April 15

Unpatched High-Severity Vulnerability within Widget Configurations Importer/Exporter Plugin

WordPress Security, WordPress Vulnerabilities


This post was originally published on this site

On March 12, 2020, our Threat Cleverness team discovered the stored Cross-Web site Scripting (XSS) vulnerability in Widget Settings Importer/Exporter, a WordPress plugin with more than 40,000 installations. This flaw permitted an authenticated attacker with reduced, subscriber-degree permissions to import and activate custom made widgets that contains arbitrary JavaScript right into a web site with the plugin set up.
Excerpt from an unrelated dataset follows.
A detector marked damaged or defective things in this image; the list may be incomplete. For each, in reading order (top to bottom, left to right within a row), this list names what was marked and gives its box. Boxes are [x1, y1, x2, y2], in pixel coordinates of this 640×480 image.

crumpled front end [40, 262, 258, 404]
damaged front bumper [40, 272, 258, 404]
We reached away to the plugin vendor exactly the same time, March 12, 2020, but haven’t yet received a reply. On March 20, 2020, we attained out to the WordPress plugin group and delivered them the entire disclosure of the vulnerability, and after subsequent up using them on April 13, 2020, the plugin provides been taken off the WordPress repository. As there is absolutely no patch available, we recommend deactivating and getting rid of this plugin.

Wordfence Premium customers received a fresh firewall principle on March 12, 2020 to safeguard against exploits targeting these vulnerabilities. Free Wordfence customers received this guideline on April 11, 2020.
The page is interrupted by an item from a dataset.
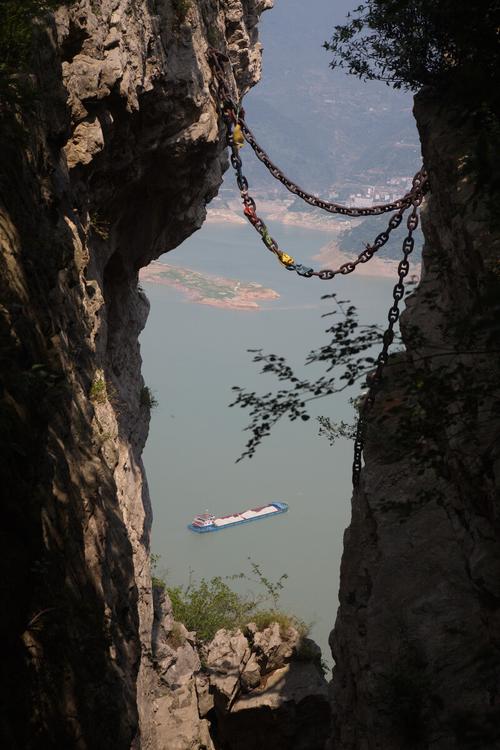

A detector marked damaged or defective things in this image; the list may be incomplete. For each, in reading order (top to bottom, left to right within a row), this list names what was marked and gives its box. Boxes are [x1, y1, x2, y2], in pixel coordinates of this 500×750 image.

rusty iron chain [205, 50, 428, 490]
Explanation: Authenticated Stored Cross-Web site Scripting(XSS)
Affected Plugin: Widget Configurations Importer/Exporter
Plugin Slug: widget-settings-importexport
Affected Versions
CVE ID: Pending
CVSS Score
: 7.4 (high)
Fully Patched Version: N/A

Widget Settings Importer/Exporter is really a WordPress plugin that provides the opportunity to import and export WordPress Widgets – a WordPress function that adds efficiency to a web site’s header, sidebars and footer. The plugin registers an AJAX activity that is used to execute widget import:

add_motion( 'wp_ajax_import_widget_data', array( __Course__, 'ajax_import_widget_information' ) );

As is the situation with many similar vulnerabilities, the event called by the AJAX actions does not use capability checks or even nonce checks. Which means that any authenticated user, irrespective of their permissions, may use it to import widgets in to the web site, including widgets that contains malicious JavaScript, which may become executed in the internet browser of any website visitor to the website.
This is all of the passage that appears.